Ela apenas o encarou com um leve sorriso, dando tapinhas no sofá, indicando que sentasse a seu lado. Lentamente, ele caminha e se senta, sem tirar os olhos de sua amada, que após muito tempo estava ali novamente. Ele desabou a chorar, encostando seu rosto nos ombros da moça.

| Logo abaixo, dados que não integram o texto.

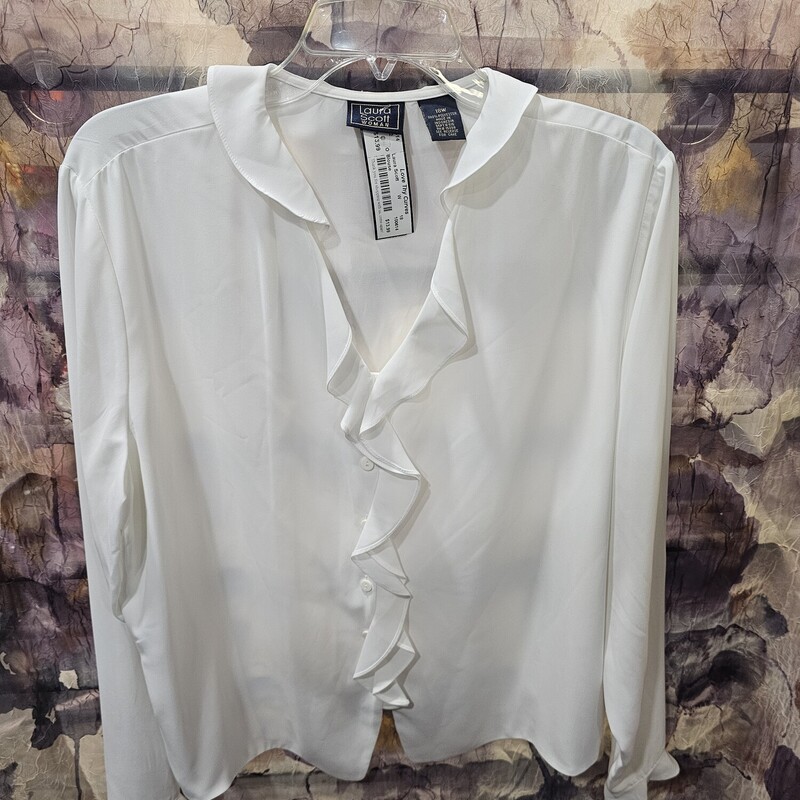 Button up long sleeve blouse with ruffles!!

— Quanto tempo, Sergio — disse ela calmamente, com a voz aconchegante na qual se recordava. — Eu senti tanta falta... depois do que houve... eu fiquei perdido, sozinho... — Depois que você me matou? — disse ela com o mesmo tom de voz, Sergio abriu os olhos bruscamente. — Depois que você acabou com tudo?

Com o coração acelerado, Sergio recuou para longe do sofá, o rosto a qual conhecia continuava lá, mas não parecia Clarisse, algo estava diferente. — O que foi? — disse ela. — Vai negar que tirou minha vida? Vai negar que não pensou em mim quando ultrapassou aquele caminhão na faixa contínua?

A voz foi ficando mais alta e imponente. — Já era de se esperar que sua impaciência causaria problemas sérios! — Não... não é verdade! — questionou Sergio, com as lágrimas aumentando. O sorriso no rosto de Clarisse não existia mais, as palavras eram vomitadas com ódio, desprezo e tristeza, sentimentos que atingiram Sergio no fundo de seu coração, refletindo nas lágrimas que atingiam o chão. — Eu sempre te amei Clarisse, você era tudo pra mim, não foi intencional, eu nunca me perdoei pelo que aconteceu.... — Eu também nunca te perdoei! — rebateu ela, impiedosa – quem é você para viver e não eu? Você não merece a vida!

Com o sentimento de culpa, essas afirmações faziam cada vez mais sentido, quem era ele para viver? Ele não merecia o dom da vida, ele não era nada. Com a respiração descontrolada, encarou o olhar de desprezo da única mulher no qual havia amado. Se levantou as pressas do chão gelado, indo em direção a cozinha, o macarrão borbulhava na panela, abriu a gaveta com talheres e pegou uma pequena faca e, involuntariamente, escorreu-a pelo seu pulso direito e depois pelo esquerdo, de forma que não houvesse mais barreira entre o sangue e o exterior. Deixou a faca cair ao chão e caminhou lentamente até o sofá, onde seu eterno amor o esperava, ele se sentou ao seu lado, deitou a cabeça em seus ombros, a água do macarrão transbordou pela panela até o fogo. Enquanto sua visão ia escurecendo, fitou o que sobrara da maçã no chão e se lembrou do gosto doce da fruta em seus lábios.